En 1986 (soit un an après la fin de la dictature militaire), Lula est élu à l’Assemblée nationale. Il plaide pour la reconnaissance du droit de grève, le congé de maternité de 120 jours et la réduction de la semaine de travail de 48 à 44 heures. En 1989, il se présente pour la première fois à l’élection présidentielle. La victoire lui échappe de peu. Il se représente aux élections présidentielles en 1994 et en 1998. Il est finalement élu le 27 octobre 2002. Il assumera deux mandats consécutifs.

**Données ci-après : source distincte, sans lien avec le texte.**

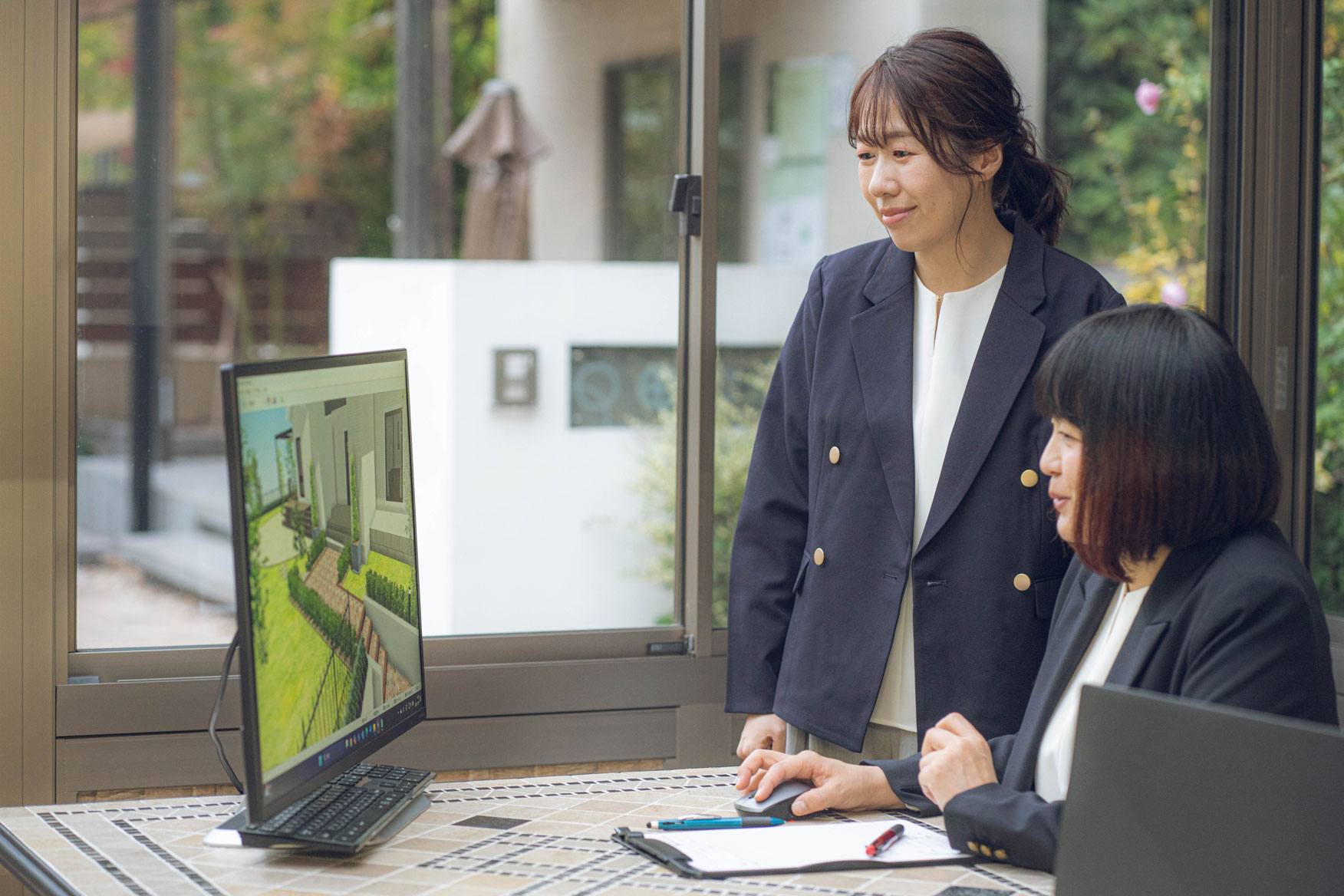 屋外でパソコンのモニターを見る二人の女性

Sous Lula, plus d’1 million d'emplois sont créés chaque année, pendant huit ans. Le salaire minimum augmente de manière très significative. Selon l'Organisation mondiale de l'alimentation (FAO), la malnutrition au Brésil a été réduite de 73 % au cours des six dernières années, grâce à la subvention accordée à 12 millions de familles pauvres.

Le phénomène Lula

Ancien ouvrier métallurgiste et dirigeant syndical, Lula a gravi les échelons jusqu'à la présidence. Après huit ans au pouvoir, il prend sa retraite en 2010. Avec une cote de popularité de plus de 80 %.

En 2018, il est condamné à 12 ans d’emprisonnement dans le cadre du scandale de corruption avec la Compagnie pétrolière d'État brésilienne Pétrobas, et déclaré inéligible en vue de l’élection présidentielle. C’est Jair Bolsonaro, candidat d’extrême droite et ultraconservateur, qui gagne. Le journal d'investigation The Intercept affirme, en juin 2019, que le juge Sérgio Moro (qui sera « récompensé » avec un poste ministre de la Justice par Jair Bolsonaro) et les enquêteurs chargés de l'enquête auraient comploté pour empêcher Lula de se présenter. Son procès est rouvert.

Manifestation du PT à la Chambre des députés en faveur de la libération immédiate du président Lula, le 10 avril 2018.

Manifestation du PT à la Chambre des députés en faveur de la libération immédiate du président Lula, le 10 avril 2018. (Photo Flickr, Gustavo Bezerra)

En mars 2021, la Cour suprême annule toutes les condamnations visant Lula. Ses droits politiques sont restaurés et sa candidature à l'élection de 2022 est possible. Le vrai Brésil, celui des travailleurs, celui du Nord-Est et du Centre, est toujours le pays de Lula, l’ancien leader syndical, dont le cœur est du côté des travailleurs. Aujourd’hui, un Brésilien sur deux déclare qu'il votera encore pour Lula.